> **YOUR GOAL**
Transcribe exactly the entries from the "Fractional Microneedle RF" line to the end, both included, minus pictures.

[Web page caption snippets]

# # # # # # #

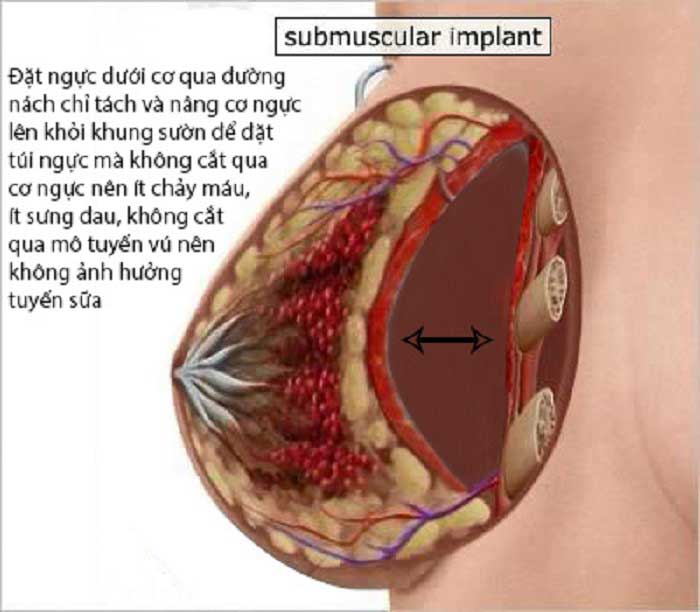 Nâng ngực trên cơ và dưới cơ Nâng ngực trên cơ và dưới cơ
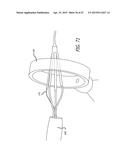 METHODS AND SYSTEMS FOR HEART VALVE THERAPY diagram and image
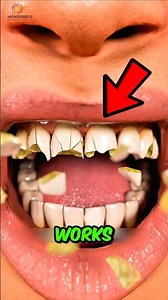 If You Bite Ice Then Drink Hot Coffee... This Is What Really Happens to Your Teeth!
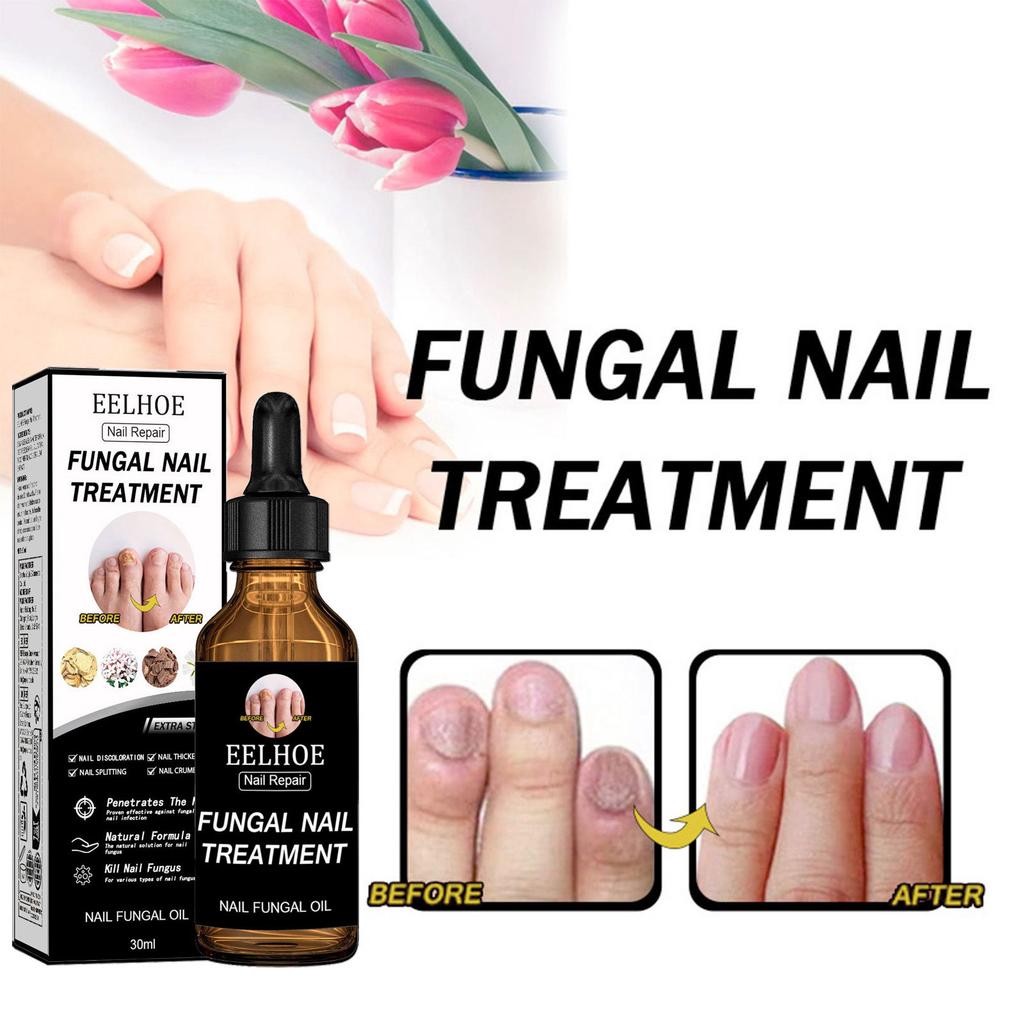 EELHOE Nail Care Serum Smooth Shine Fine Manicure Daily Nail Cleanse Care Refreshing Liquid Strengthen Nails
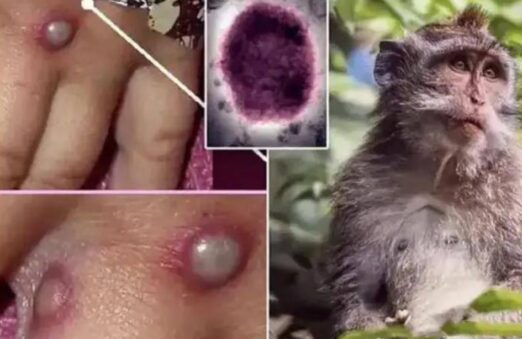Nhiễm virus đậu mùa khỉ có nguy hiểm không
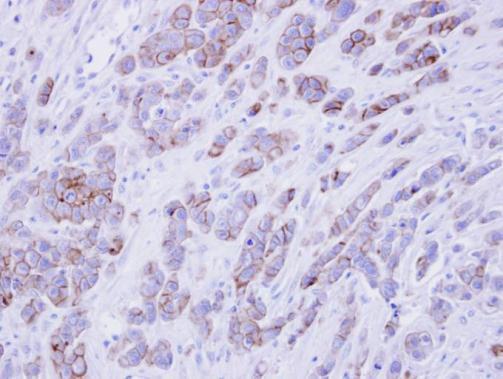 Phospholipid scramblase 1 Rabbit Polyclonal Antibody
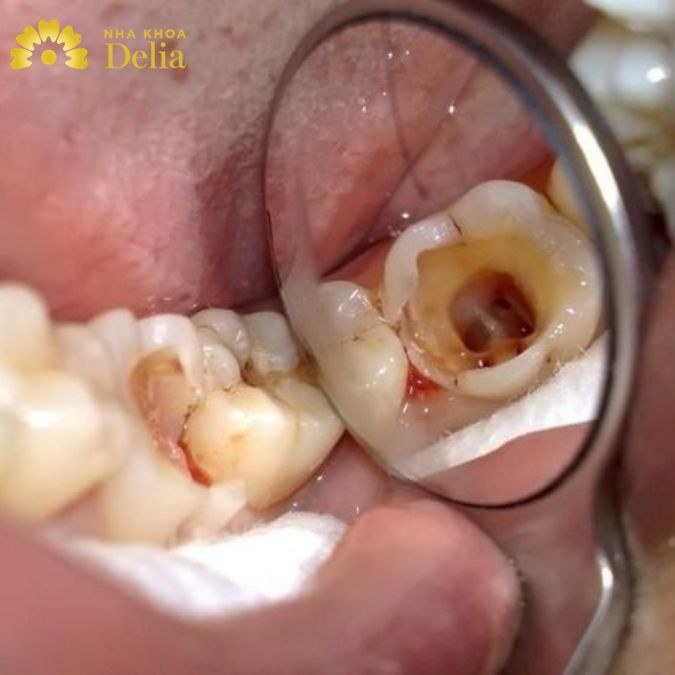 Sâu răng - Bệnh lý phổ biến khiến chân răng hàm dưới ê buốt đau nhức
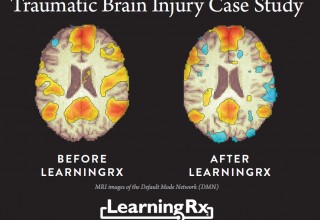 Brain Injury Research with LearningRx Brain Training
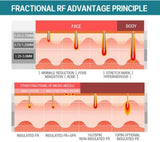 Fractional Microneedle RF beauty Machine Skin Tightening Face lifting/Skin care beauty machine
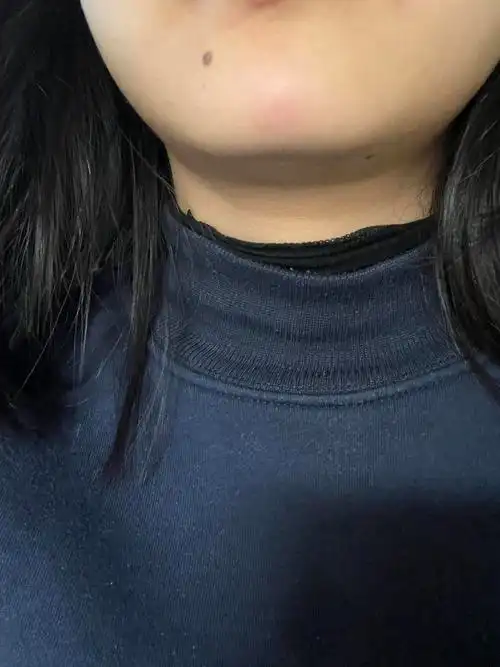 姐妹们下巴长了个大包是啥?痘吗?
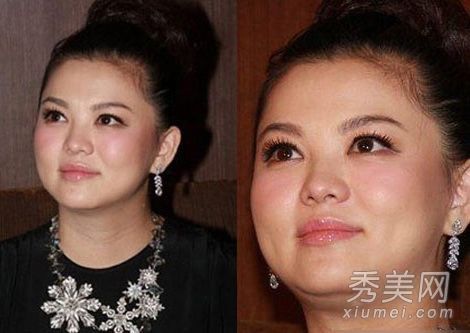 盤點(diǎn)產(chǎn)后發(fā)福女星王艷雙下巴明顯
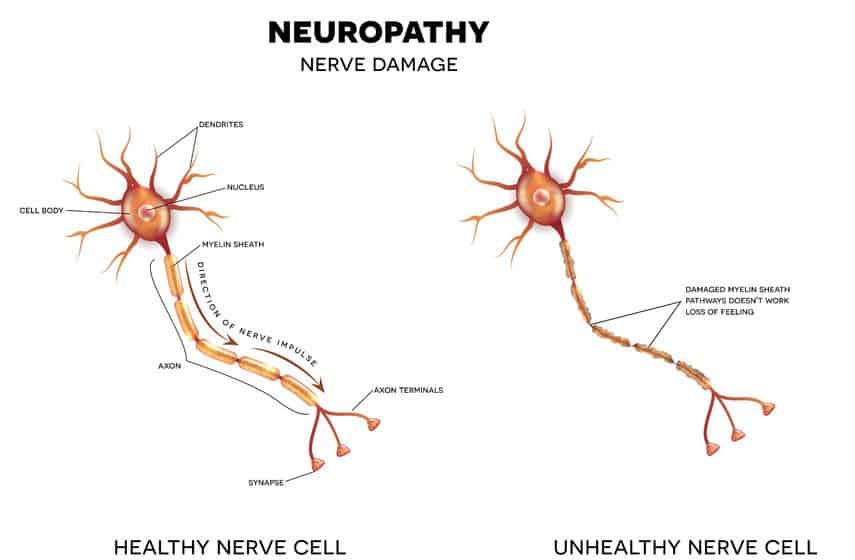 Essential Oils For Neuropathy: Everything You Need To Know For Neuropathic Pain Treatment Essential Oil Benefits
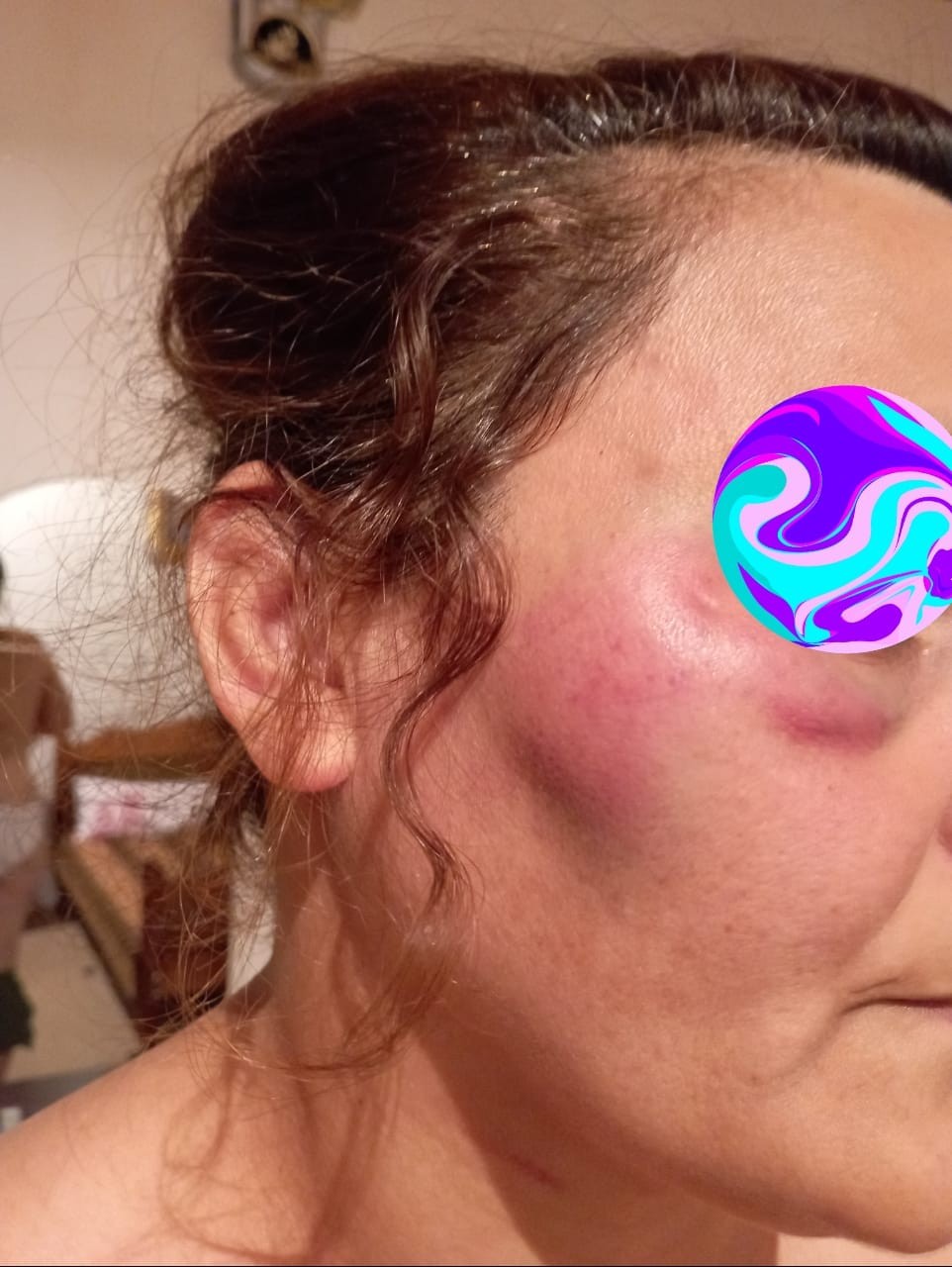 Azərbaycanda iki qadını döyüb evdən qovdular- FOTOLAR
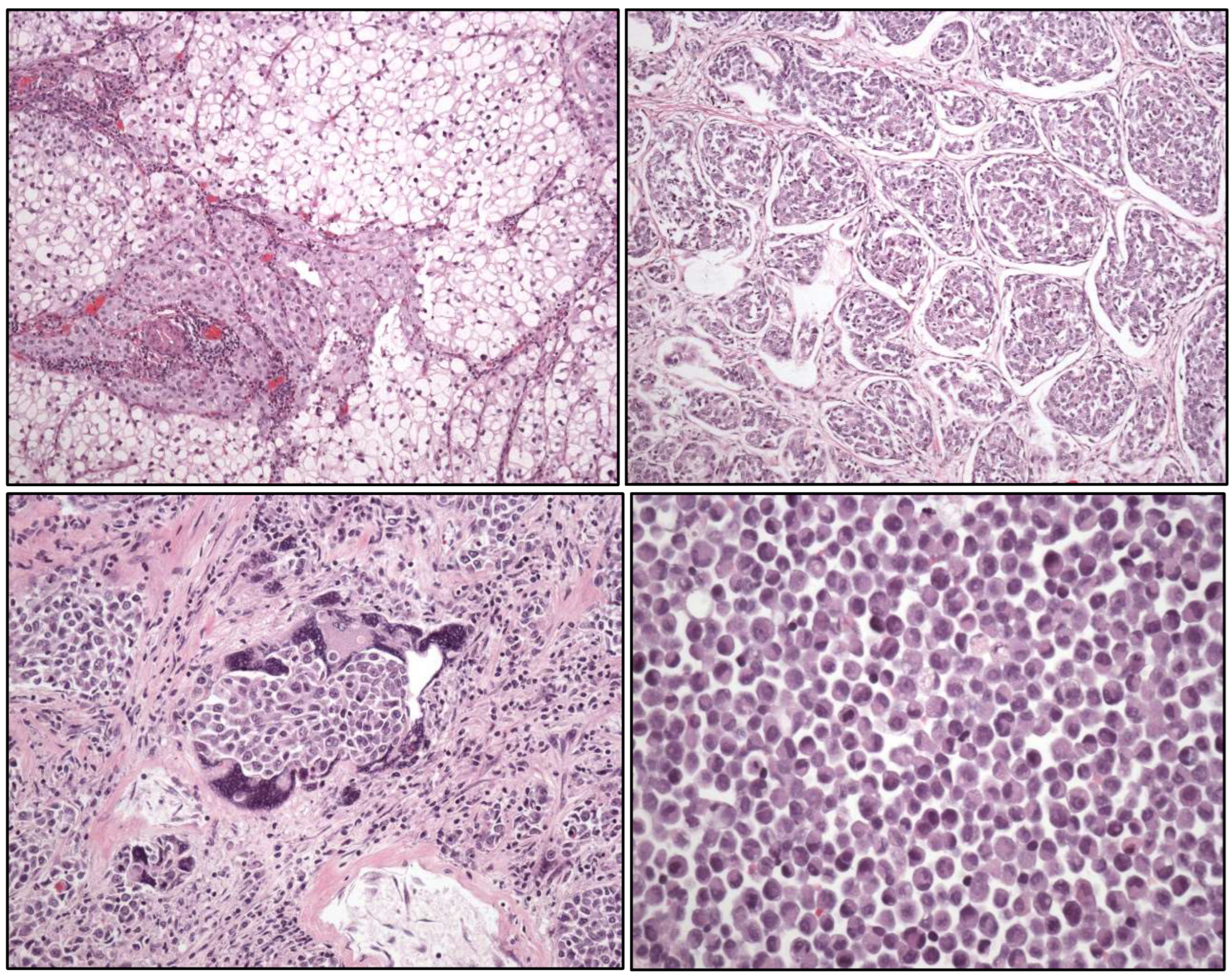 Cancers 17 01173 g003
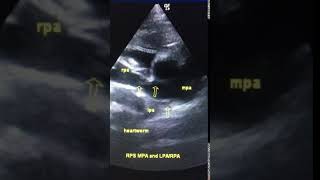 Ultrasound heartworm in the right pulmonary artery of a dog [upl. by Egres211]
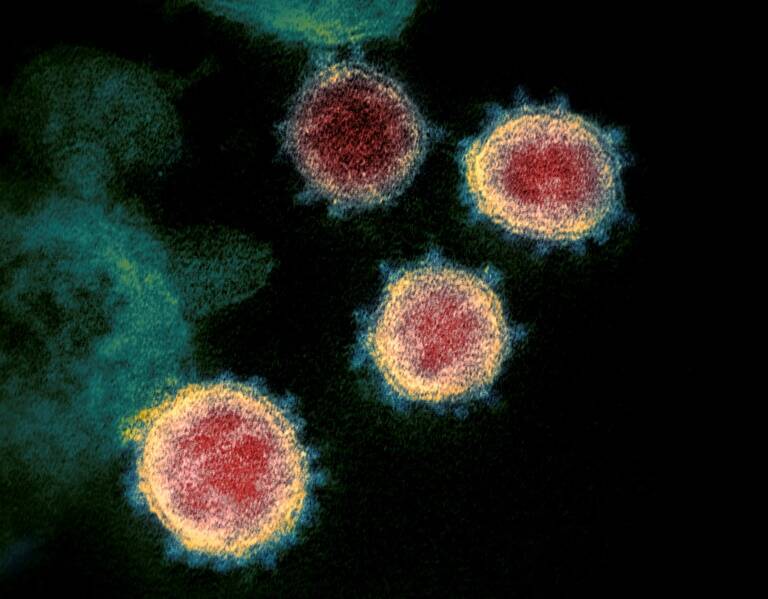 santé - virus - pandémie - épidémie - maladies - étude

# # # # # # #

> **YOUR RESPONSE**
 Fractional Microneedle RF beauty Machine Skin Tightening Face lifting/Skin care beauty machine
 姐妹们下巴长了个大包是啥?痘吗?
 盤點(diǎn)產(chǎn)后發(fā)福女星王艷雙下巴明顯
 Essential Oils For Neuropathy: Everything You Need To Know For Neuropathic Pain Treatment Essential Oil Benefits
 Azərbaycanda iki qadını döyüb evdən qovdular- FOTOLAR
 Cancers 17 01173 g003
 Ultrasound heartworm in the right pulmonary artery of a dog [upl. by Egres211]
 santé - virus - pandémie - épidémie - maladies - étude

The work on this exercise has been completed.